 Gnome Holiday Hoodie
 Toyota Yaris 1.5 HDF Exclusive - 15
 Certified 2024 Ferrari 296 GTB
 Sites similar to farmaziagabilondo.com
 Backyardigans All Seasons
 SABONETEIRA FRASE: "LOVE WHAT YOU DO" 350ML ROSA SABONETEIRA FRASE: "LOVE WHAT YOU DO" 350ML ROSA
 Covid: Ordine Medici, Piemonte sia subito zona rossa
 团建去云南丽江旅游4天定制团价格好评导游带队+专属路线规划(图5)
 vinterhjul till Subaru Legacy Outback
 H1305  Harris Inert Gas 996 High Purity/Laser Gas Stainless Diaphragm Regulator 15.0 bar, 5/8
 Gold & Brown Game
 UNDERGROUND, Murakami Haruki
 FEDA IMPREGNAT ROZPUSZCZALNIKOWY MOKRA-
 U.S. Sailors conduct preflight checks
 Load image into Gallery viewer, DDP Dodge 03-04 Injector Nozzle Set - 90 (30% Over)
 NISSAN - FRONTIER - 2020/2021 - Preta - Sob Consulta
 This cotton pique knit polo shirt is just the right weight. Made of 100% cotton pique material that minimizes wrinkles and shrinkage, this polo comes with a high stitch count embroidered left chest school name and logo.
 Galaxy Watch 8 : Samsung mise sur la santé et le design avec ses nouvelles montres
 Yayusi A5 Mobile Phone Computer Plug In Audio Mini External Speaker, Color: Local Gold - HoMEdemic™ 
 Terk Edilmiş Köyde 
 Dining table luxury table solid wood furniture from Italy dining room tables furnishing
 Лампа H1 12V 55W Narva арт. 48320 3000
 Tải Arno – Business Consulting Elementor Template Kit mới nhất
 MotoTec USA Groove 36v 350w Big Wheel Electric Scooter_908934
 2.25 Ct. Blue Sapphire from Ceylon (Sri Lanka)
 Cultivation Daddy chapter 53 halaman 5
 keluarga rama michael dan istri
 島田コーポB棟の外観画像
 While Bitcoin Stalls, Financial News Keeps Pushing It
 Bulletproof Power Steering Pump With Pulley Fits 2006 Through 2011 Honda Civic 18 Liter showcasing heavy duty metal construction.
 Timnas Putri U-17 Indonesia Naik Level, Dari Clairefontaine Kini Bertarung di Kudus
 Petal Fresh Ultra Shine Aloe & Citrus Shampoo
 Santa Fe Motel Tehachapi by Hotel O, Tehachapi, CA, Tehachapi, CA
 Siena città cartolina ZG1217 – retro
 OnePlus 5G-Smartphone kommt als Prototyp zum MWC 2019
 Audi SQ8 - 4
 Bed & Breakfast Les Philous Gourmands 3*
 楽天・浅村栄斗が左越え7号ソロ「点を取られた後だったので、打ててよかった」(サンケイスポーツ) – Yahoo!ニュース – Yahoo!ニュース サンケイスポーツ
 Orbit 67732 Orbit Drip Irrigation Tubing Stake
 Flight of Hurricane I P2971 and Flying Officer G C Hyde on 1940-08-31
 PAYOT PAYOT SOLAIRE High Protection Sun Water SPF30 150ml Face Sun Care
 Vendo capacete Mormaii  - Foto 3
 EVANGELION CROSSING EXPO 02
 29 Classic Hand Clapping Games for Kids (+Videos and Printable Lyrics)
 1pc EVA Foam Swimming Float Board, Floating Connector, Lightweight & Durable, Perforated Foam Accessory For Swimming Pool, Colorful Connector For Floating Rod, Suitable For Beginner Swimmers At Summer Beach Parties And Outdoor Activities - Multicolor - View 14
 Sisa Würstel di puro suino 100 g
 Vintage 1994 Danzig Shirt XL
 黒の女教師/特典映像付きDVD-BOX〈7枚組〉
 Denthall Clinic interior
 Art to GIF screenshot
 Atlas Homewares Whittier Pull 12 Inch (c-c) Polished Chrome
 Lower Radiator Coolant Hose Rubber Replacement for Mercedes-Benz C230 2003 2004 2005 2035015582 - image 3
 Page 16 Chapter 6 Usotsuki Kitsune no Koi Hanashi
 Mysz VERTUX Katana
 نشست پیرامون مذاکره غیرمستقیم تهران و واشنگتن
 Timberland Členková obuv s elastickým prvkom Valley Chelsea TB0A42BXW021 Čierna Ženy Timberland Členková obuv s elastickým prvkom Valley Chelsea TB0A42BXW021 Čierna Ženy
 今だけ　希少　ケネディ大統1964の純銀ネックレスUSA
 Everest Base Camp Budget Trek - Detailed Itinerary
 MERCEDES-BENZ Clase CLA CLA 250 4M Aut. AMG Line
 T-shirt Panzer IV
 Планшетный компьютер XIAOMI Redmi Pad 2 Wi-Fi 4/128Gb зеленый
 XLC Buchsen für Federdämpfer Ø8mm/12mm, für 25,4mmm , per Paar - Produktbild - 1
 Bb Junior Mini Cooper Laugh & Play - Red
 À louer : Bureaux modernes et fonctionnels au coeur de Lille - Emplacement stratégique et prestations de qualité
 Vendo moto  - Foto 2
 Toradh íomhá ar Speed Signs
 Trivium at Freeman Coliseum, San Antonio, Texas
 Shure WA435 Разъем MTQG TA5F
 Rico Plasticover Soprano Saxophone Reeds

# WORK TO BE COMPLETED:
Output the lines above between the one holding "2.25 Ct. Blue" and the one holding "Vintage 1994 Danzig Shirt XL", inclusive, with nothing before or after them.

# ANSWER FOR THE TASK:
 2.25 Ct. Blue Sapphire from Ceylon (Sri Lanka)
 Cultivation Daddy chapter 53 halaman 5
 keluarga rama michael dan istri
 島田コーポB棟の外観画像
 While Bitcoin Stalls, Financial News Keeps Pushing It
 Bulletproof Power Steering Pump With Pulley Fits 2006 Through 2011 Honda Civic 18 Liter showcasing heavy duty metal construction.
 Timnas Putri U-17 Indonesia Naik Level, Dari Clairefontaine Kini Bertarung di Kudus
 Petal Fresh Ultra Shine Aloe & Citrus Shampoo
 Santa Fe Motel Tehachapi by Hotel O, Tehachapi, CA, Tehachapi, CA
 Siena città cartolina ZG1217 – retro
 OnePlus 5G-Smartphone kommt als Prototyp zum MWC 2019
 Audi SQ8 - 4
 Bed & Breakfast Les Philous Gourmands 3*
 楽天・浅村栄斗が左越え7号ソロ「点を取られた後だったので、打ててよかった」(サンケイスポーツ) – Yahoo!ニュース – Yahoo!ニュース サンケイスポーツ
 Orbit 67732 Orbit Drip Irrigation Tubing Stake
 Flight of Hurricane I P2971 and Flying Officer G C Hyde on 1940-08-31
 PAYOT PAYOT SOLAIRE High Protection Sun Water SPF30 150ml Face Sun Care
 Vendo capacete Mormaii  - Foto 3
 EVANGELION CROSSING EXPO 02
 29 Classic Hand Clapping Games for Kids (+Videos and Printable Lyrics)
 1pc EVA Foam Swimming Float Board, Floating Connector, Lightweight & Durable, Perforated Foam Accessory For Swimming Pool, Colorful Connector For Floating Rod, Suitable For Beginner Swimmers At Summer Beach Parties And Outdoor Activities - Multicolor - View 14
 Sisa Würstel di puro suino 100 g
 Vintage 1994 Danzig Shirt XL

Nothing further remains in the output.